Passons vite sur l’intrigue, qui n’a pas un intérêt immense : Justin (Antonin Berval) est une sorte de chef respecté de la haute pègre marseillaise, le roi du Vieux Port ; il gère sagement son domaine et entend que soient respectées les règles d’honneur du Milieu : chacun son territoire, sa spécialité et surtout pas d’embrouilles ; c’est ainsi qu’il entretient avec le gang chinois et la police des relations de courtoisie et de mesure. Mais un nouveau venu, le Napolitain Esposito (Alexandre Rignault) n’entend pas se conformer à ce code et souhaite se faire une place sur le marché. Se greffe là-dessus l’histoire de la pauvre Totonne (Ghislaine Bru, bien jolie au demeurant) qui est en train de se faire ensorceler par l’apprenti maquereau Silvio (Armand Larcher) qui collerait bien la nigaude dans le premier bateau en partance pour une destination exotique et un bordel tropical. On saisit vite que Justin se débarrassera d’Esposito et sauvera la vertu incertaine de Totonne (possiblement à son profit, au demeurant).

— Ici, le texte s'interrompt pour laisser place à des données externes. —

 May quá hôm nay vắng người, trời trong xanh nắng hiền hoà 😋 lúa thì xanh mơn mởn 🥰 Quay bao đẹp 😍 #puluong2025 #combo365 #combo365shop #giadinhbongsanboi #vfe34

Tout ça n’a pas de particularité sensationnelle et ne mériterait qu’un regard attendri sur un film ancien plein de bonnes physionomies qu’on aime (Pierre Larquey, Raymond Aimos, Line Noro, Milly Mathis et même la presque débutante Viviane Romance dans un tout petit rôle déjà bien séduisant). Mais la façon de filmer de Maurice Tourneur, la qualité des dialogues de Carlo Rim, l’inventivité des situations haussent Justin de Marseille bien au dessus de la production courante.
Il y a quelques séquences qui sont tout à fait remarquables, soit par la qualité des prises de vues, leur éclairage, leur complexité, leur modernité, soit par leur allant, on pourrait presque dire leur allégresse : ainsi ce passage de Justin sur le Vieux port, saluant les uns, embrassant les autres, demandant des nouvelles des enfants, goûtant ici un oursin, là un violet, interpellé par le petit peuple, les marchandes à l’étalage, fleuristes, poissonnières, vendeuses de coquillages, gangster aimé des petites gens (comme le fut, paraît-il, François Carbone, modèle de Justin qui avec François Spirito inspira les Siffredi et Capella de Borsalino).Eh bien il y a dans ce périple une vivacité, une allure, un bonheur d’être qui frappent. Comme frappe, filmé tout en ellipses, le combat mortel entre Justin et Esposito dans une casemate abandonnée de l’extrême sud de la ville, du côté des Goudes, alors que souffle un mistral terrible qui couche les herbes, fait battre les portes et ravage la mer : le souffle du vent dit mieux que des images de lutte ce qui se passe entre les murs de pierre sèche…
Oui film étonnant qui ne ressemble à rien de connu. Une découverte impeccable.